Снег почернел. Его не отличишь от земли. Студеный ветер гонит по земле тряпье, клубки телефонных проводов, артиллерийские гильзы, консервные банки, гофрированные трубки немецких противогазов.

Пахнет гарью, сладковатым терпким запахом обгорелого человеческого тела. Этот запах вызывает приступы тошноты, дурманит мозг.

Ночь вызвездилась. Млечный путь, как дым солдатского костра, раскинулся по небосводу. Морозит. Холод пробивается через ватник, подползает к спине, студит кровь.

Внезапно стихает ветер, и вдруг наступает такое безмолвие, что мы невольно останавливаемся, молча смотрим в темноте друг на друга, словно каждый ждет, что кто-нибудь объяснит, откуда нахлынула эта тишина.

Слуха не касается ни один живой звук, ни один шорох, точно все вымерло под этим холодным, суровым небом. Кажется, что в наступившем безмолвии явно улавливаешь шорох звезд, стремительно падающих в бесконечность.

В такой лютый мороз, в такую погоду страшно очутиться раненым, одиноким, забытым всеми на поле боя. Нет отчаяния выше, как ползти в неизвестность, чувствовать, как с каждой минутой слабеет тело, гаснет его тепло, коченеют руки и ноги, а на глазах застывают слезы.

Подул слабый ветерок, и мы трогаемся дальше. Шуршит под ногами снег-сажа, позванивают осколки, толстым слоем покрывшие землю. Но вот мы снова останавливаемся, как по команде. Слух уловил слабый человеческий стон, раздавшийся где-то впереди. Звук повторяется. Мы бросаемся вперед и вскоре различаем ползущую человеческую фигуру. Кто это? Наш или враг? В темноте не различишь.

Обступаем человека. Сноп света выхватывает из темноты зеленую шинель, немецкую каску, противогаз возле бедра, ноги, обутые в грубые солдатские ботинки. Ползущий поднимает голову, что-то мычит. Мы видим его лицо — страшное, обезображенное нечеловеческим отчаянием. Рот оскален, как у затравленного волка, на подбородке и щеках солдата густо выступила седая щетина. Вместо глаз на нас смотрят две огромные кровоточащие впадины.

Немецкий солдат силится привстать, подгребает под себя окоченевшими, обмороженными руками черный снег, запрокидывает голову. Жилы на висках набухают, морщинистые щеки пожилого немца сводит судорога. Наконец ему удается выбросить одну руку перед собой. Он силится сжать ее в кулак, но обмороженные пальцы не повинуются. Из горла солдата вылетают хриплые звуки. Но как ни бессвязно то, что он говорит, мы понимаем его.
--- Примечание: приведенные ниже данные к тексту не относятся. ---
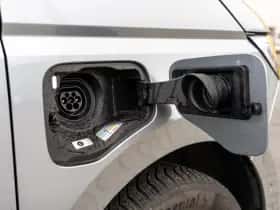 Volkswagen Multivan (2024) thumbnail 16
Немец клянет небо, которое не видит, клянет землю, которая жестока, как мачеха, клянет бога, скупого на милосердие, клянет войну.

По обмороженным почерневшим щекам немца катятся слезы, смешанные с кровью. Они стекают с щетинистой бороды, превращаются в темные сосульки.

Он спрашивает, кто мы. Если эсэсовцы, стреляйте! Он не боится эсэсовцев. И на Гитлера ему наплевать! Если русские — тоже стреляйте!

Кармелицкий склоняется над раненым, сует ему в рот флягу с водкой. Солдат пьет жадно, большими глотками.

— Успокойся, — произносит по-немецки Кармелицкий, — расстреливать не будем. А попал ты к русским.

Мы поднимаем раненого с земли, несем его поочередно. Несем, чтобы спасти ему жизнь.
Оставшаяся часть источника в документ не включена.